Twenty-five years later, when he was received into the Académie, he bought his long-desired sanctuary—a little country house picturesquely covered in vines, with gardens stretching to the hameau’s present-day entrance at 38 rue Boileau. He frequently entertained guests here, and Racine, a frequent visitor, wrote, “He’s happy as a king in his solitude, or rather in his inn at Auteuil.”

In the early nineteenth century, when financial speculators discovered Auteuil, Boileau’s former property was subdivided. Today’s houses, in a private community surrounded by woods, range from neoclassic to Art Deco in style, but most have the look of luxurious country homes. The most striking one is a turreted Gothic-style fantasy that dominates the avenue Despréaux.

Strolling along those tranquil roads under massive chestnut trees, I found it hard to believe that a short walk would take me to the Michel-Ange-Molitor Métro stop.

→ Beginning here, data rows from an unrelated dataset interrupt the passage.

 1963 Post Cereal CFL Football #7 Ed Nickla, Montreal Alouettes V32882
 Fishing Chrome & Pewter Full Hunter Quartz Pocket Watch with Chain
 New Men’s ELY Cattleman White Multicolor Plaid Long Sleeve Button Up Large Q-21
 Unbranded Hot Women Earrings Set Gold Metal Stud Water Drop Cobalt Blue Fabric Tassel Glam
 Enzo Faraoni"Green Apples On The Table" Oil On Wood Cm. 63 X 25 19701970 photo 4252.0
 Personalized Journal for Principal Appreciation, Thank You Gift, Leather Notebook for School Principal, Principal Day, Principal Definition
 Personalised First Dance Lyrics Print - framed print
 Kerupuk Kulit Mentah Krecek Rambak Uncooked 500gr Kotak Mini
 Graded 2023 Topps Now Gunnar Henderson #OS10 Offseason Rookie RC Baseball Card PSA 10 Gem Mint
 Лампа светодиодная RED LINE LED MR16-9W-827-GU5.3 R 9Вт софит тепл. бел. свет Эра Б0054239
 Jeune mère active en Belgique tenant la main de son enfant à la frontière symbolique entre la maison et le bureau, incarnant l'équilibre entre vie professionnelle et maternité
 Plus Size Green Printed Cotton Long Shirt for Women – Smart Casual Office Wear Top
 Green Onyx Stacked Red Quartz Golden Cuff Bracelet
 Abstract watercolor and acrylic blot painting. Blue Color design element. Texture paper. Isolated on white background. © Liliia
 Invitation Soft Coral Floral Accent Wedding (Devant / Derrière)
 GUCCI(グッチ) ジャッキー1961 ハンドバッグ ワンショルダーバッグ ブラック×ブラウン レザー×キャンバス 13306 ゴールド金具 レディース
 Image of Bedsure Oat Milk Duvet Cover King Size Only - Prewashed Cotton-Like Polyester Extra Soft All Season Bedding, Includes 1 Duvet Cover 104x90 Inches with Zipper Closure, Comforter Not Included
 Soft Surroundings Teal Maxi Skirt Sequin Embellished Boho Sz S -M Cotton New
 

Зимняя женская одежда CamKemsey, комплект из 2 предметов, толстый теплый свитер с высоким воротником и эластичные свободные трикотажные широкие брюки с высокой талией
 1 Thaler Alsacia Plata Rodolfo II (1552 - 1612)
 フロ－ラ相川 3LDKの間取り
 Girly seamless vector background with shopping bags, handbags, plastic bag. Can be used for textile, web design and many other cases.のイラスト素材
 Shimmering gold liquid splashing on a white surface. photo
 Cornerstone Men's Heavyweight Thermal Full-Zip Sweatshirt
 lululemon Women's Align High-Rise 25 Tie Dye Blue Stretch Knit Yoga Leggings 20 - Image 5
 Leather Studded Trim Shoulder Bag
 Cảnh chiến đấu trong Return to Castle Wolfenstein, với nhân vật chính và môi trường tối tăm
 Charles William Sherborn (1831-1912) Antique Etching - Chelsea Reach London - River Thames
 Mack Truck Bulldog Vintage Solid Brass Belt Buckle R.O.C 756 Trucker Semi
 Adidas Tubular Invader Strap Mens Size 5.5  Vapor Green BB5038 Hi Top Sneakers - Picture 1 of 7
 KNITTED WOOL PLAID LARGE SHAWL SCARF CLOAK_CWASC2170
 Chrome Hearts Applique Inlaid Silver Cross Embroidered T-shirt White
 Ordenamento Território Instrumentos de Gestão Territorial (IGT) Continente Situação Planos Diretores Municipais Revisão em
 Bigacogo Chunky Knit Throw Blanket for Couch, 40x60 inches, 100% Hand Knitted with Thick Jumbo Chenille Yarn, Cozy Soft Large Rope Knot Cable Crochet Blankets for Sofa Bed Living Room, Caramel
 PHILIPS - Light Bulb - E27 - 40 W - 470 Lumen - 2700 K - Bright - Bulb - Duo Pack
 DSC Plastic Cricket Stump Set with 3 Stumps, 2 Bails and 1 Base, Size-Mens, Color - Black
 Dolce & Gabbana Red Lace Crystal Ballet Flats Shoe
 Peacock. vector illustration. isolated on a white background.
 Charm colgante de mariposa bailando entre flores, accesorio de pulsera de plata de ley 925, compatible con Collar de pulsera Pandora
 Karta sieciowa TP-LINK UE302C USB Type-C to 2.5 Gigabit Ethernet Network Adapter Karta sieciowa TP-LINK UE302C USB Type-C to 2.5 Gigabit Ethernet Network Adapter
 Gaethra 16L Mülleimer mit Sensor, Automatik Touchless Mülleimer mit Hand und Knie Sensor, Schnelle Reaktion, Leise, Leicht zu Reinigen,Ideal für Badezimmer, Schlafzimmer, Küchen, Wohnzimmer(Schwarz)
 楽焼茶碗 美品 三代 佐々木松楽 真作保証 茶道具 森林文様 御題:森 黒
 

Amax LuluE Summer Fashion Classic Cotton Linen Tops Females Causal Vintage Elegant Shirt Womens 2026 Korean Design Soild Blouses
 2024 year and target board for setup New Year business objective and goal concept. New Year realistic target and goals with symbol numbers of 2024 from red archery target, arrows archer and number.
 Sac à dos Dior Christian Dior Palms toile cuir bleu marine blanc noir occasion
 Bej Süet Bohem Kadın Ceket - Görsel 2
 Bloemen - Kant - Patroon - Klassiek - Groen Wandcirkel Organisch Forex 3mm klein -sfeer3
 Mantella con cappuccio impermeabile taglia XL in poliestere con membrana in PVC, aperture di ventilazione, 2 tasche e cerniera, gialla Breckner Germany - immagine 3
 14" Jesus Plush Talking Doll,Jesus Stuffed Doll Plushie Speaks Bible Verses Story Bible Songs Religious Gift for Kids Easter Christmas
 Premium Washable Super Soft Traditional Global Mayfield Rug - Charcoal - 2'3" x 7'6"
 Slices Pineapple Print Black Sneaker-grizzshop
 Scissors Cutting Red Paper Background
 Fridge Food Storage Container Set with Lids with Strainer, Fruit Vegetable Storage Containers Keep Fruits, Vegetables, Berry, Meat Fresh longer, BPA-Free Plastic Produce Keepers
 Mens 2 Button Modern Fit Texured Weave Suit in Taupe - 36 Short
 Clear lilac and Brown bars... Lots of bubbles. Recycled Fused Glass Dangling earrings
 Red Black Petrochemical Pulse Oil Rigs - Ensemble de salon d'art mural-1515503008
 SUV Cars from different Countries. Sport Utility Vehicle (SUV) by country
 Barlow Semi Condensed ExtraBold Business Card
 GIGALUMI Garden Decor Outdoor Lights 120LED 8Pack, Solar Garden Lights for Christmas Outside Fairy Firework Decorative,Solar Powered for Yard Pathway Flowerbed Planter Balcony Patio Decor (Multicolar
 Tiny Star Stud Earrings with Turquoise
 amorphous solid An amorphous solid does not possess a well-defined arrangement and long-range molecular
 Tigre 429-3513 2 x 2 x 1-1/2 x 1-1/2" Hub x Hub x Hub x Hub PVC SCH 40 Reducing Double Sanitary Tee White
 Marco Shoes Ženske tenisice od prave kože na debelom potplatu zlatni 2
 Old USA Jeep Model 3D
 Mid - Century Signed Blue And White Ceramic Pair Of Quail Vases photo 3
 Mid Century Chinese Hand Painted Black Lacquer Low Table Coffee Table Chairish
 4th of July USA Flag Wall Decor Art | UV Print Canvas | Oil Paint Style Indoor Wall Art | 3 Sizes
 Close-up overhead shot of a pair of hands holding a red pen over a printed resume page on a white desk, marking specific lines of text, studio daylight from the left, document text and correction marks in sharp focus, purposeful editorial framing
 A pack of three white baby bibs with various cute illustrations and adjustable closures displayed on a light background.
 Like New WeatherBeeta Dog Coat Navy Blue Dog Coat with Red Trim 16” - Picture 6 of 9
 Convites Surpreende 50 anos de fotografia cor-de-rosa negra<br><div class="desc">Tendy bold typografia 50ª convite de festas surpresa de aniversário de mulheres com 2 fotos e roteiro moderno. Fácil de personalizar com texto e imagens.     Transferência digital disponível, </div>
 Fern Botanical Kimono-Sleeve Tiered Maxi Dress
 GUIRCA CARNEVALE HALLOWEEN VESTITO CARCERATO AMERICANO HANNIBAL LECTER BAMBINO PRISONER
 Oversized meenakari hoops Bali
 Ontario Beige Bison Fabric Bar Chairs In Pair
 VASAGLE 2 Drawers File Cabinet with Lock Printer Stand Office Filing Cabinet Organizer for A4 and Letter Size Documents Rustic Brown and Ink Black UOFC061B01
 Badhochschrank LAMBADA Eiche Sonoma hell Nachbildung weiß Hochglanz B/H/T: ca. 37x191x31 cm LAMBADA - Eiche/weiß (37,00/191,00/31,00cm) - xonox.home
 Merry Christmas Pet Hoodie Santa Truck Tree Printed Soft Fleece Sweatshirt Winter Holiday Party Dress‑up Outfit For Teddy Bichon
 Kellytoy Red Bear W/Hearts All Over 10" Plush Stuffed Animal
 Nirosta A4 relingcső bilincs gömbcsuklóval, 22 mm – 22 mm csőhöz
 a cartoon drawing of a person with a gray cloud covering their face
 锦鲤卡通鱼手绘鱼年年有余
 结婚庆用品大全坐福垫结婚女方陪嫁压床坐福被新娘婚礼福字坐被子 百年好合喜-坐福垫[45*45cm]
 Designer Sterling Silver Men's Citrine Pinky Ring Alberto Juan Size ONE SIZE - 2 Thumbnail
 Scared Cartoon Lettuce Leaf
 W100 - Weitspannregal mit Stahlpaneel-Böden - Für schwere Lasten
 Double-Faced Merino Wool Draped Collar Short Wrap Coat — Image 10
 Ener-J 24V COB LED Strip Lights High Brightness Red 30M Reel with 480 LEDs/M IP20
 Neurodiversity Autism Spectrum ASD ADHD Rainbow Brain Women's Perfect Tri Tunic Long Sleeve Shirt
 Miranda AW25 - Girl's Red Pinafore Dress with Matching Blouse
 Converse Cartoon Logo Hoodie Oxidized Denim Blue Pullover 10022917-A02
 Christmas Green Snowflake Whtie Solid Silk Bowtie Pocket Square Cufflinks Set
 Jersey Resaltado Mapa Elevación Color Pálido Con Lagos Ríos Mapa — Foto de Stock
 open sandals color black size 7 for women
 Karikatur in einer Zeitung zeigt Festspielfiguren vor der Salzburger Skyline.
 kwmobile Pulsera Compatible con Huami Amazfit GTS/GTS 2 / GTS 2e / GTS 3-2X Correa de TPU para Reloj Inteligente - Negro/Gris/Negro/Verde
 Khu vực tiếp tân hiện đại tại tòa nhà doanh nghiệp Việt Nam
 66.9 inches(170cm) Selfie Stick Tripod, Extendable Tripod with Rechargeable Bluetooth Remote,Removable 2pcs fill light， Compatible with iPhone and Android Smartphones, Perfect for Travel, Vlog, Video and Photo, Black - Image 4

The cynical Boileau would not be surprised to learn that, over three hundred years later, money still buys country calm in the city.

RUE LEPIC

The magic of Montmartre is easy to miss. It disappears in the traffic and tourist traps, especially in the Place du Tertre. But the butte has old, romantic streets that are well worth seeing, and rue Lepic brings together all that is characteristic and captivating in this former village.

Before this street was built, Montmartre was a leafy hill covered in vineyards and topped with windmills. A hamlet at the top clustered around the place and its church—not Sacré-Coeur, but the much older Saint-Pierre—and thatched cottages on narrow lanes housed millers, workmen, artists, and quarry workers who dug the gypsum that made plaster of Paris.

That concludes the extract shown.